西田 泰敏 院長の独自取材記事
西田クリニック
(松山市/松山市駅)
最終更新日:2025/01/23

松山市の中心街すぐ近く、千舟町通り沿いのビルの中に位置する「西田クリニック」。現在は心療内科・精神科・神経科を主に診療しているが、元は50年以上前に内科を発端として開業したクリニックだと、3代目院長・西田泰敏先生は語る。クリニックには軽微な心身の不調を抱える患者から、アルコール依存症に統合失調症など、やや症状の重い精神疾患を抱える患者まで、さまざまな人々が通っているそう。
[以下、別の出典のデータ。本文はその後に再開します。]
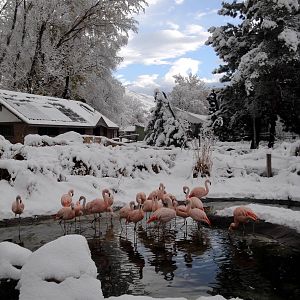 Chilean Flamingos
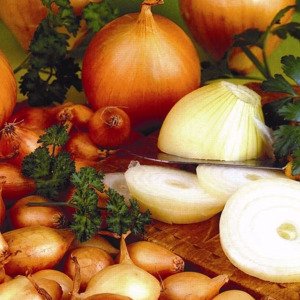 Yellow Winter Onions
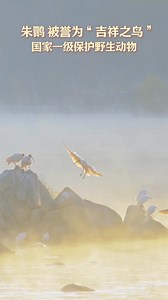 【吉祥之鳥朱鹮的國風氛圍感】朱鹮被譽為“東方寶石”“吉祥之鳥”，在地球上已經生存超過6000萬年。1981年5月，我國陝西洋縣發現了當時世界僅存的7只野生朱鹮，經過40多年培養繁育，全球朱鹮種群數量已恢復至萬餘只。戳↓↓ | 人民日報香港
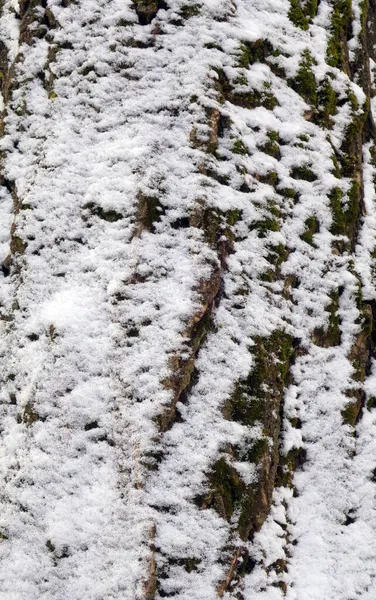 Textura Corteza Del Árbol Cubren Nieve —  Fotos de Stock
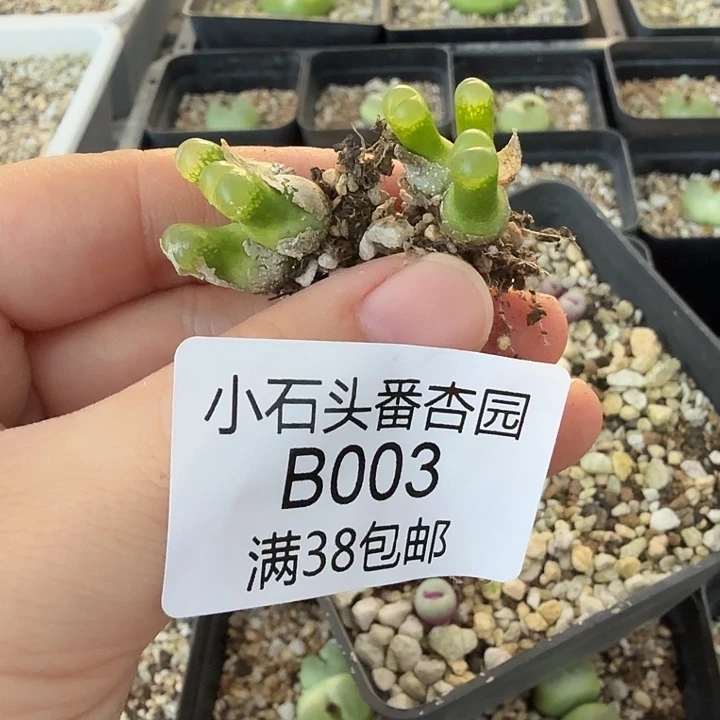 菠***冰专拍 两颗3头小葫芦 脱土发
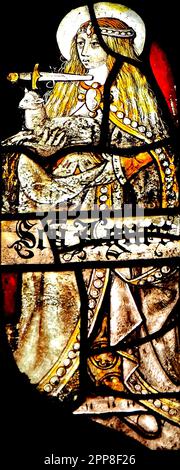 Vetrate medievali, St. Agnes, Santa, con il pugnale al collo, tenendo un agnello, Sandringham Parish Church, Norfolk, Inghilterra, REGNO UNITO Foto Stock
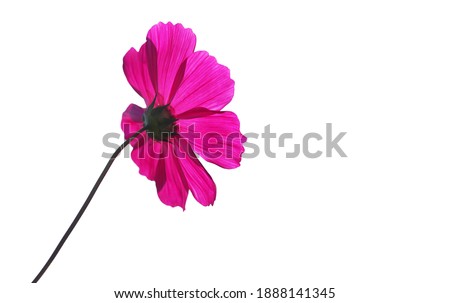 Pink cosmos, Isolated flower, cut outline on white background space for frame copy write postcard decorate pattern artwork arts, Artistic paper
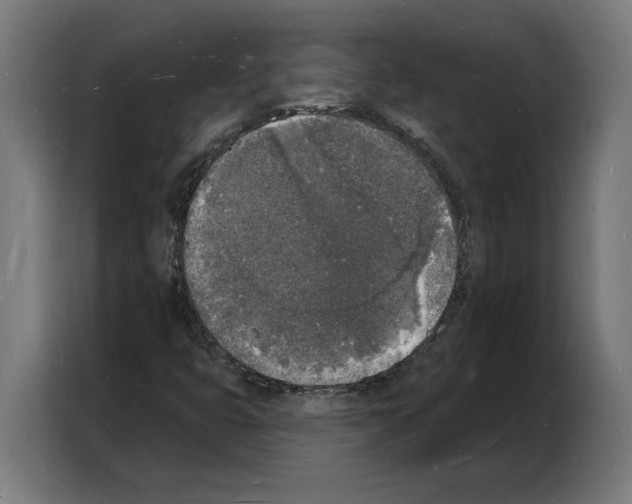 X0000103971399200810311515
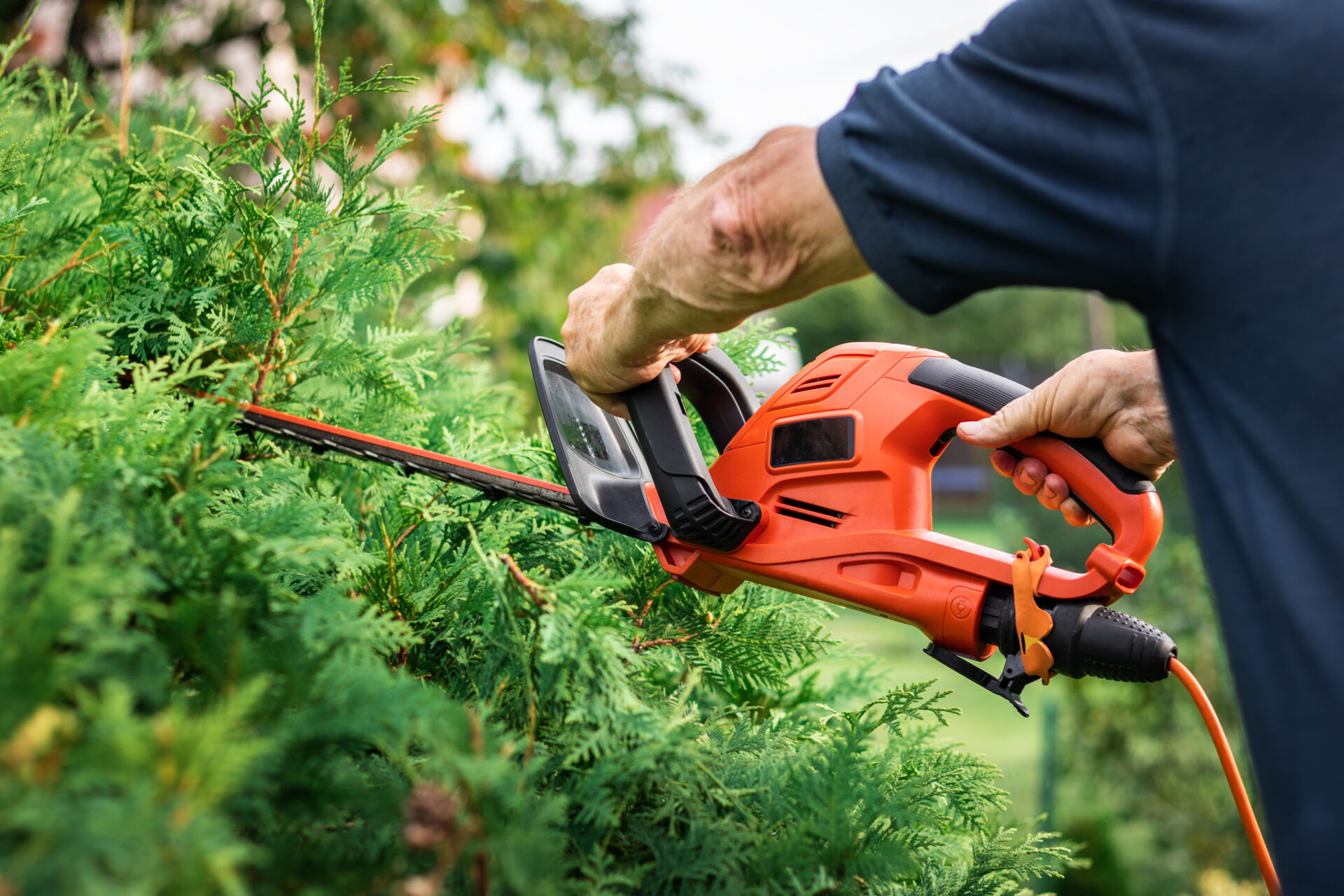 Heckenschnitt mit orangefarbener Elektroheckenschere an grünen Sträuchern, Gartenpflege vom Dienstleistungsbetrieb René Pötschke.
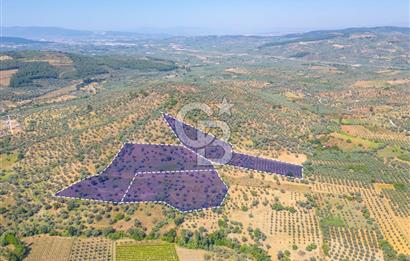 Torbalı Karakızlar Satılık Zeytinlik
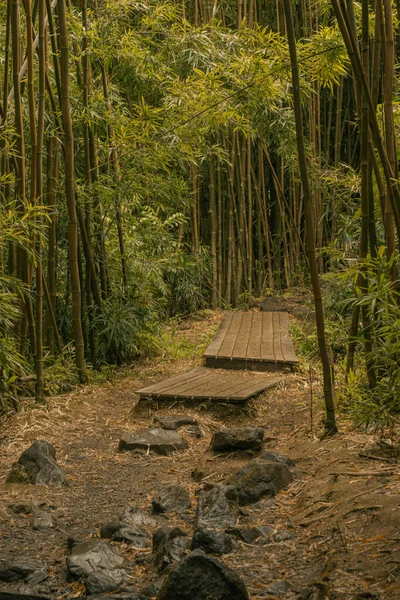 Hana, Maui, Hawaii yolundaki bambu ormanından panoramik manzara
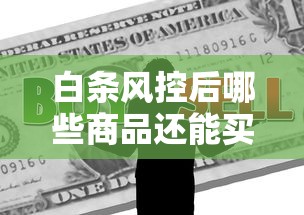白条风控后哪些商品还能买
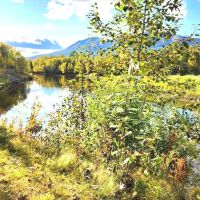 Alexander Creek Log Home images 2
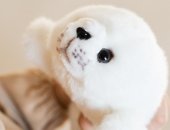 Продам мягкую игрушку в городе Иркутск, Mimis Мы - компания-производитель мягких игрушек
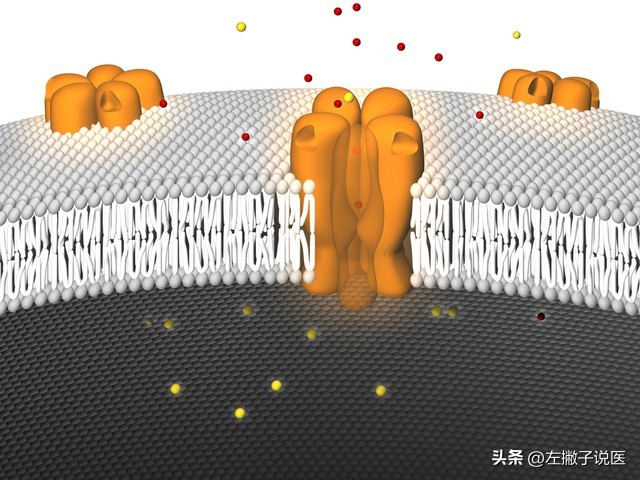 高血压人可以一直吃维生素b2吗,维生素b2对高血压有辅助作用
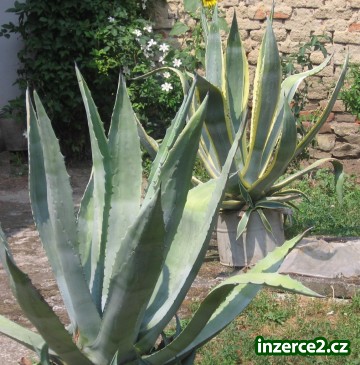 IHNED prodám 2 ks vzrostlých kaktusů AGAVE_1 322179_1.jpg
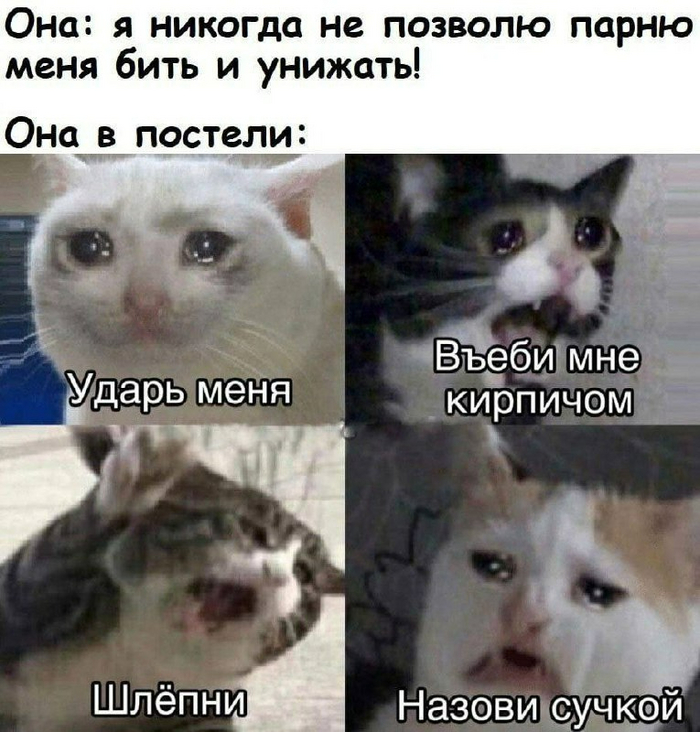   ,   , 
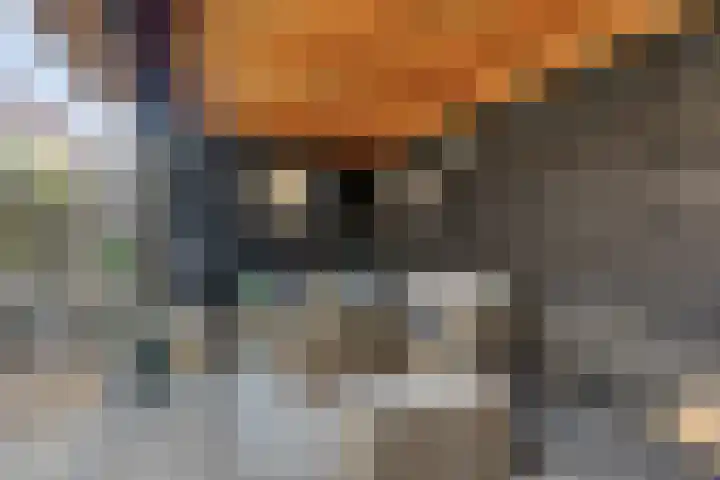 Philips van Dorpstraat 46 Oud-Vossemeer thumbnail 36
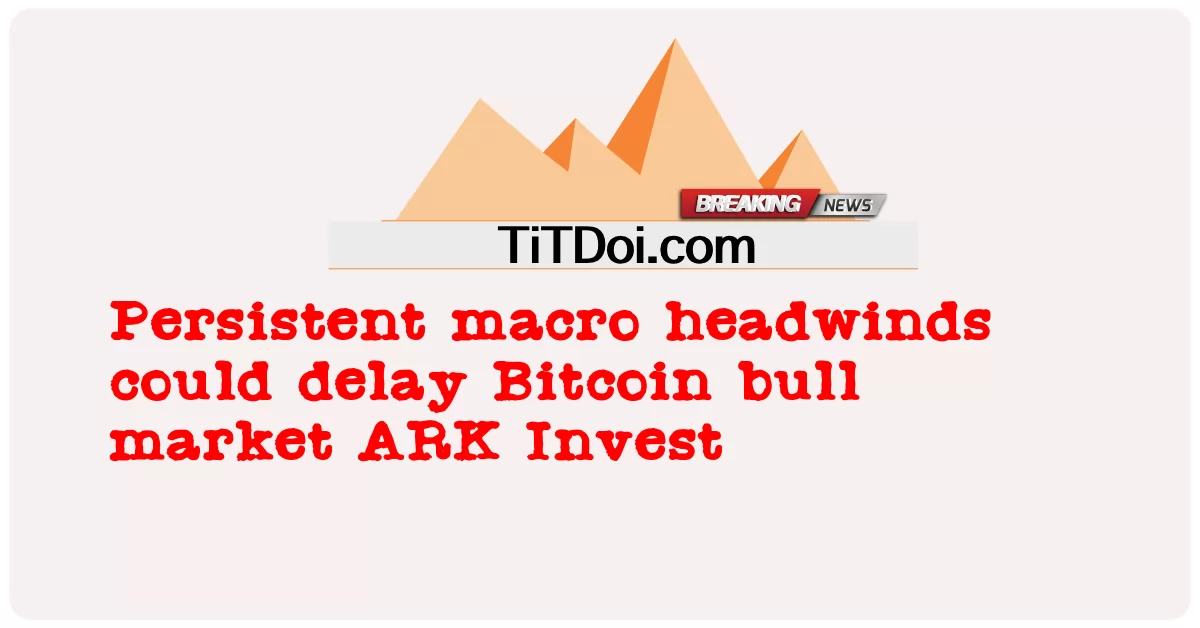 قد تؤدي الرياح المعاكسة الكلية المستمرة إلى تأخير سوق البيتكوين الصاعد ARK Invest -  Persistent macro headwinds could delay Bitcoin bull market ARK Invest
大学卒業後は関東、そしてここ愛媛でも、各地で10年以上、大勢の心の病を抱える患者に接してきた西田院長。精神科医として長年培ってきた人を“診”ることの難しさとやりがい、そして近年の精神医療を取り巻く社会環境まで。多方面にわたる話を、今回は聞かせてもらった。
(取材日2024年11月21日)
医学の道に真面目でなかったからこそ精神科の道へ
まずは、クリニックの歴史について教えてください。

当院の始まりは1972年なので、かれこれ50年以上この地にいることになりますね。もともと県病院の内科外来長を務めていた父が独立して、「西田内科」としてこの場所に病院を開業したのがそもそもの発端です。当初は父のみで診療を行っていたのですが、2006年に私が関東から戻り、心療内科・精神科も診療科目に加えて再スタートを切りました。ですが、その翌年に父が病気で亡くなりまして。その後は私一人で、現在のようにメンタルクリニックとして運営を行っています。一方で父の代から通ってくださっていた患者さんもまだ数人いらっしゃるので、その方々は私が引き続き対応している、という形ですね。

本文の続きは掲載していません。